The Corner

The Great College Scam (cont.)

Heavy reader input on this one. Many of these:

Mr. Derbyshire:

Greetings. In regards to your comments, I couldn’t agree more. I’m an academic advisor in natural sciences at a 4-year state school; day after weary day I advise students with bad grades who have unrealistic expectations and cannot accept the fact that — contrary to what they’ve been told all of their lives — they cannot be a dentist or doctor. Virtually every day I advise one or more students with “D” averages in math, chemistry, and biology who persist in the belief that they will get into medical school; all the while accumulating debt and wasting time.

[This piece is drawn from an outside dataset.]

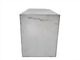 50��60�ǣ�MERLE SEARS'������ƥ������ե�����BOX 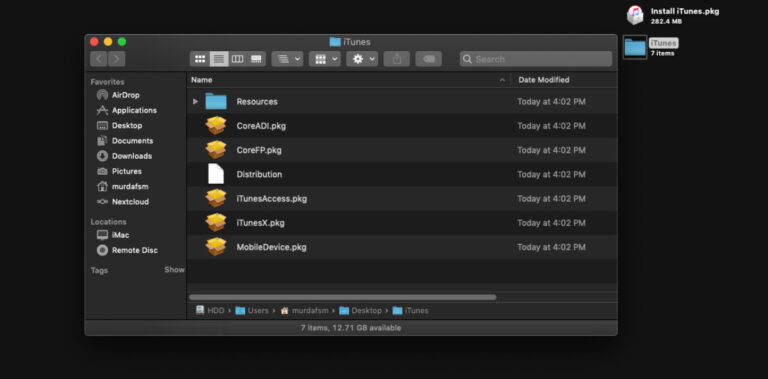 get file path mac get file path mac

I don’t even really have the hope that one day they will wake up; I forget who said that “most people can’t stand too much reality.” [It was this dude — JD]

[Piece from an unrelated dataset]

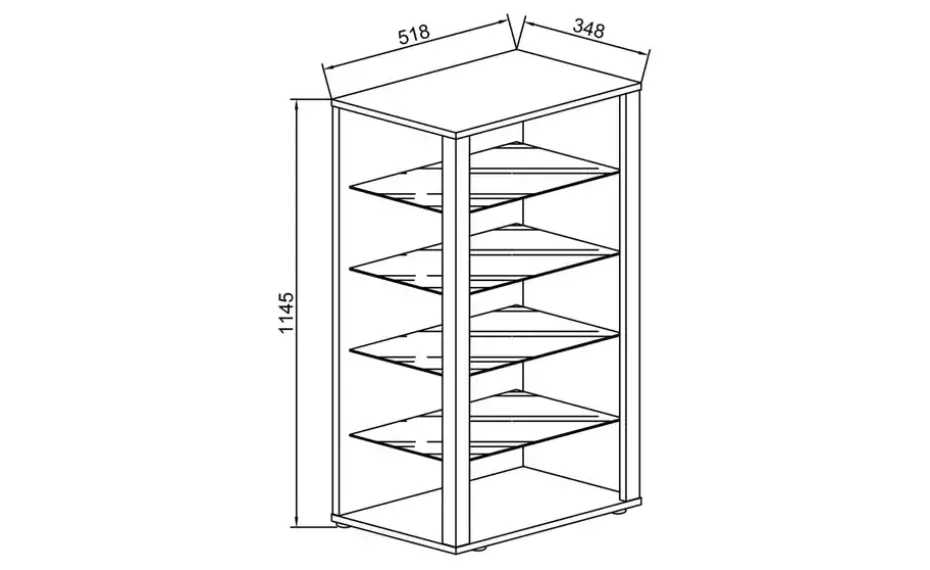Vitrine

I also see student after student who has finished one expensive degree and immediately started on another — often requiring 60+ hours to finish. Also, a great many — indeed, most — have no idea what they will do with the degree; indeed, the utility of the degree is a secondary consideration to having the degree itself. What do you say to a student finishing a BA in Earth Science when she asks what kind of jobs are available? I’d get called on the carpet if I said “Deliver pizzas, or nothing.” I usually tell them to check with career services — knowing full well that no company is posting anything whatsoever for soft degrees.

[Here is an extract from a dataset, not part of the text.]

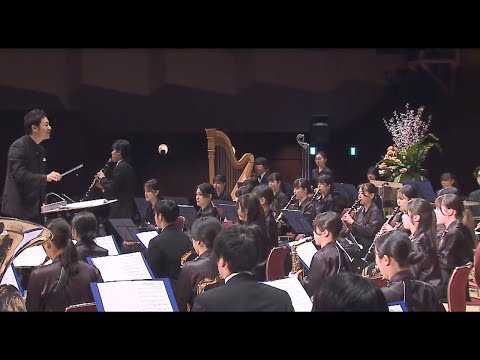 2024年度 神奈川大学 神奈川大学大学院 入学式【2回目】
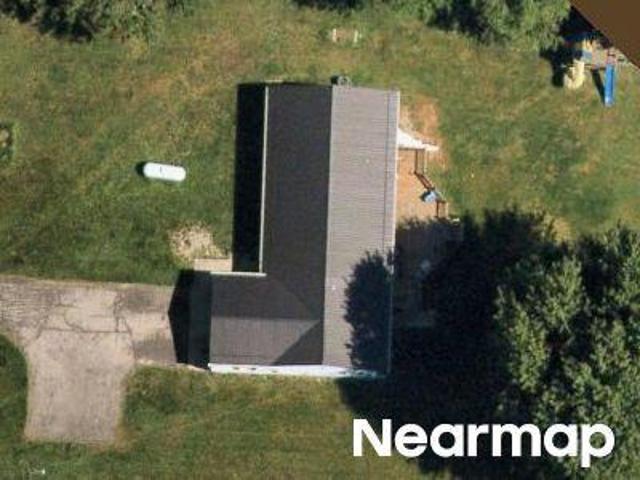 House for sale in Tiffin, Seneca County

I made the same mistake myself: a BS in Geography is worth nothing on the job market. If I had it to do over again, I’d have taken shop classes in high school (assuming that they existed) and gotten a 2-year blue-collar technical degree. Other than engineering and business degrees, most college BSs and BAs are worthless.

But also many of these:


Hey, Derb — Loved your “College is for suckers” post. I was a reluctant college student and grad many years ago. I dutifully went to a public university on my parents’ dime post-high school, but never graduated and entered the workforce after four years (about a year short of graduating credit-wise). I worked in TV weather, radio news, elective politics and as a legislative aide without the benefit of a BA or BS.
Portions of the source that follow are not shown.